> **Scraped caption text data**:

***

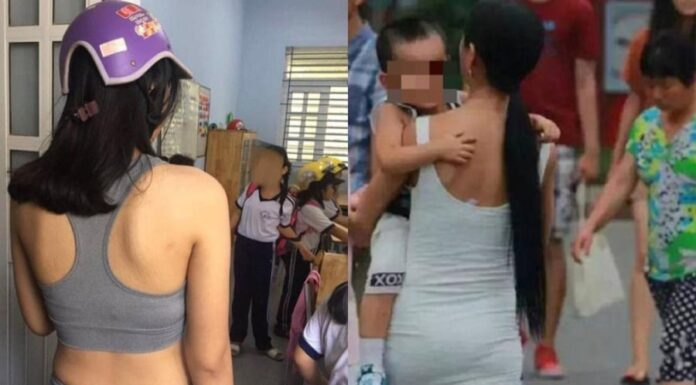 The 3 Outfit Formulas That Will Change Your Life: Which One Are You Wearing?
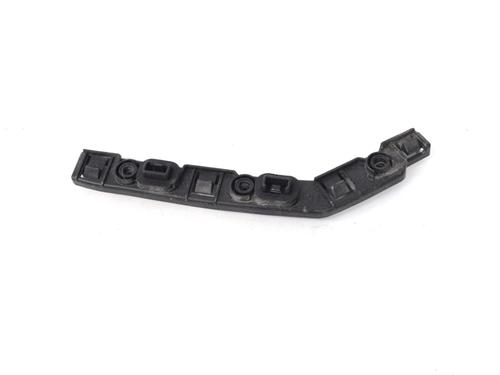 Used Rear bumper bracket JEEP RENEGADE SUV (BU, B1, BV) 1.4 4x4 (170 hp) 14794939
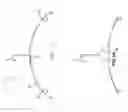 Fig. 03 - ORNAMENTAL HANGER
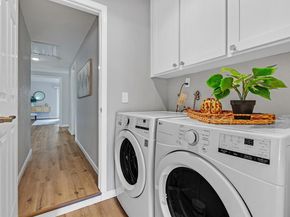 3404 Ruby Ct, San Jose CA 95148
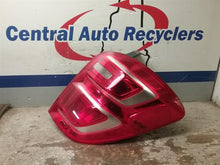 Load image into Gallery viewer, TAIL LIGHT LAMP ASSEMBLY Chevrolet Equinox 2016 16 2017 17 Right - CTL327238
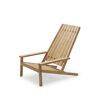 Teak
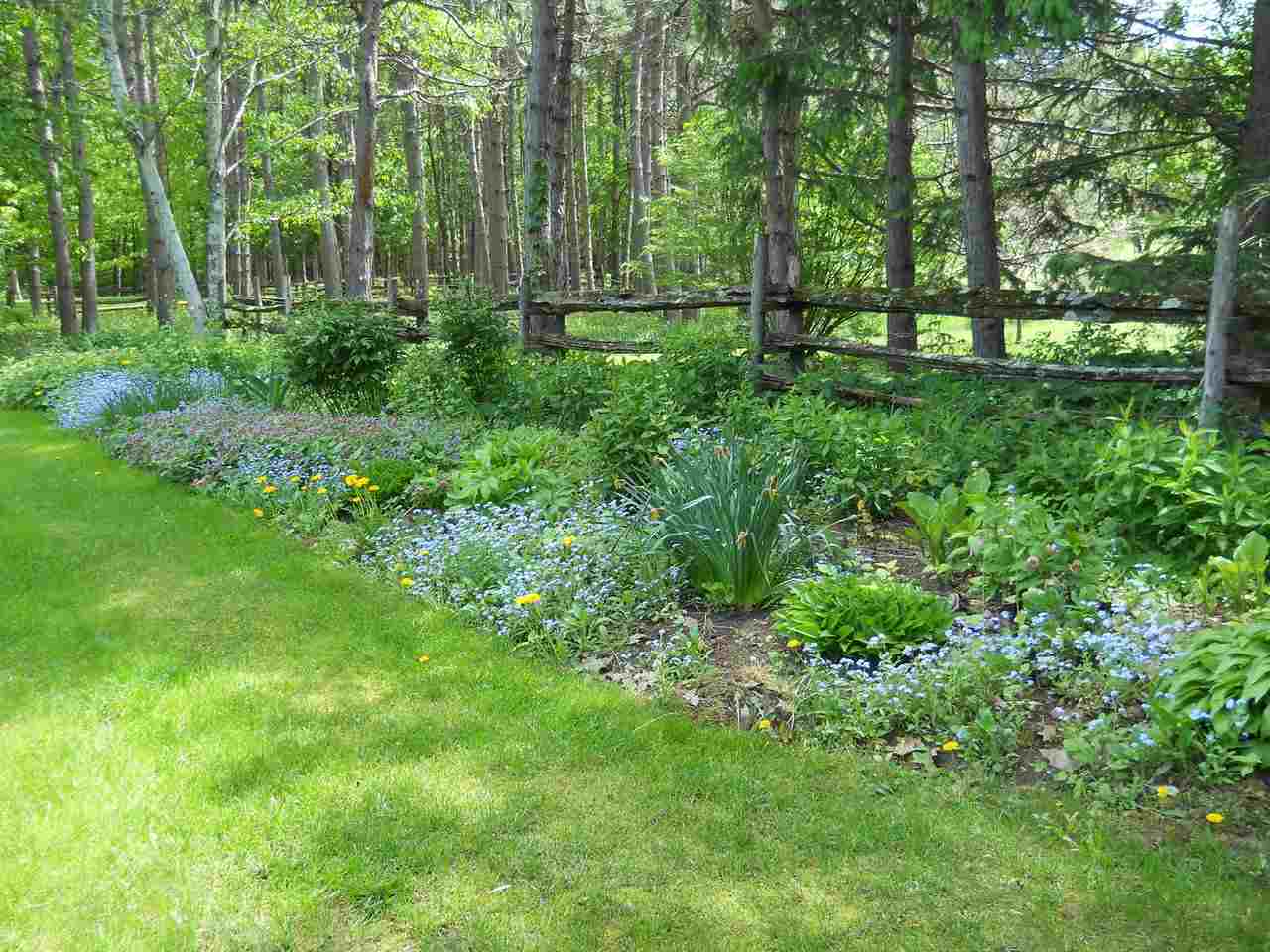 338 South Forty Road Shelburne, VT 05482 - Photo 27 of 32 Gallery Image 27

***

> **Your assignment**: The required answer is the lines from the one that contains "Used Rear bumper" through the last line of the records, restated word for word, with every picture dropped.

> **Answer to this exercise**:
 Used Rear bumper bracket JEEP RENEGADE SUV (BU, B1, BV) 1.4 4x4 (170 hp) 14794939
 Fig. 03 - ORNAMENTAL HANGER
 3404 Ruby Ct, San Jose CA 95148
 Load image into Gallery viewer, TAIL LIGHT LAMP ASSEMBLY Chevrolet Equinox 2016 16 2017 17 Right - CTL327238
 Teak
 338 South Forty Road Shelburne, VT 05482 - Photo 27 of 32 Gallery Image 27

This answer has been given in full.